DATA START

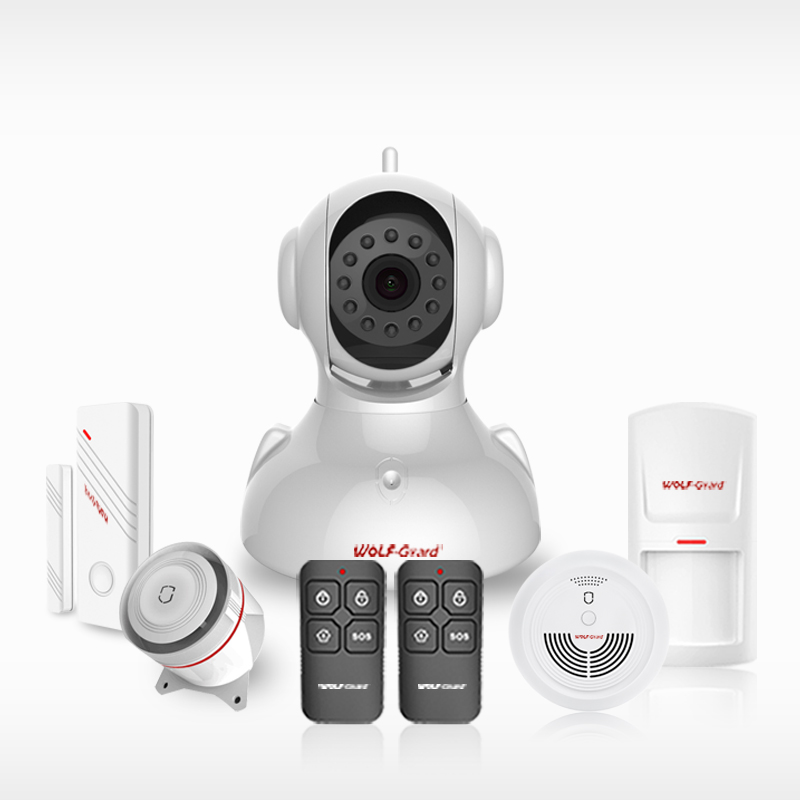 Wholesale Smart WiFi Camera Home Security Surveillance System IPC P2P Pan Tilt SD Card Network Yoosee IP Camera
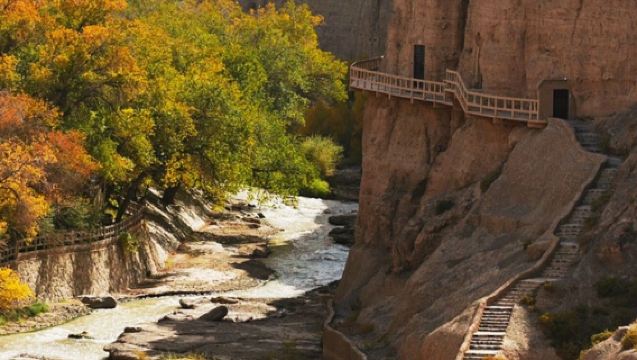 瓜州榆林窟+懸泉置遺址/鎖陽城 1日遊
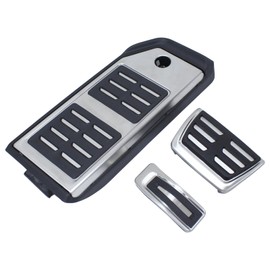 Pedal Caps Pedal Cover Foot Pedal Brake Pedal Accelerator Foot Rest Parking Brake Pedal Pedal Cover Pedal Set Automatic Transmission Left Hand Drive for Q7 4M Q8 Cayenne 9YA Toua-reg CR7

DATA END

Leaving out only the pictures, return the material above unchanged.

 Wholesale Smart WiFi Camera Home Security Surveillance System IPC P2P Pan Tilt SD Card Network Yoosee IP Camera
 瓜州榆林窟+懸泉置遺址/鎖陽城 1日遊
 Pedal Caps Pedal Cover Foot Pedal Brake Pedal Accelerator Foot Rest Parking Brake Pedal Pedal Cover Pedal Set Automatic Transmission Left Hand Drive for Q7 4M Q8 Cayenne 9YA Toua-reg CR7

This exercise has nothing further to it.